Crawford said the division investigates violations of the Ohio Securities Act. Investigations begin with referrals from federal, state and local agencies, including law enforcement, and from investors. 

Crawford said there is no set timeline for investigations. 

“Because these investigations generally involve monetary transactions, they can and do take time to follow the money to identify use of proceeds, victims, targets and other material information,” he said. 

Crawford said the charges the agency files include fraud, theft, engaging as a dealer or investment adviser without a proper license, and engaging in the sale of unregistered securities. 

The FBI sent a questionnaire to Dente investors and posted a query on its website in March.

The federal agency encouraged people who invested with Dente to fill out the information and to urge other investors they know to do the same. 

Susan Licate, a spokesperson for the FBI in Cleveland, has declined to comment on the investigation. 

Licate said investment fraud was one of the top three frauds for victims’ losses in 2023, costing victims about $4.6 billion.
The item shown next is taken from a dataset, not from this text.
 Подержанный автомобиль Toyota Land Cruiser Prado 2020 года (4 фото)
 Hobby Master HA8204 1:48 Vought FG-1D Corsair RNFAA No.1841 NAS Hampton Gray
She said those who suspect a federal law has been violated may report it to the FBI by calling 1-800-CALL-FBI. 

How Dente investors can get help 

Those who invested with Dente and need help can reach out to Dottore or to the agencies investigating Dente:

  • Mark Dottore: Call his office at 216-771-0727 or visit his company’s website, www.dottoreco.com. Click on the AEM tab under “current cases.” 
  • FBI: Send emails to [email protected] or call FBI Youngstown Victim Services at 330-965-2920. 
  • Ohio Department of Commerce Securities Division: File a complaint at https://securities.com.ohio.gov/odoc/UIPViews/FillXPForm.aspx or call the division’s hotline at 1-800-788-1194. 

Other resources provided by the FBI include: 

Stephanie Warsmith can be reached at [email protected], 330-996-3705 and on Twitter: @swarsmithabj.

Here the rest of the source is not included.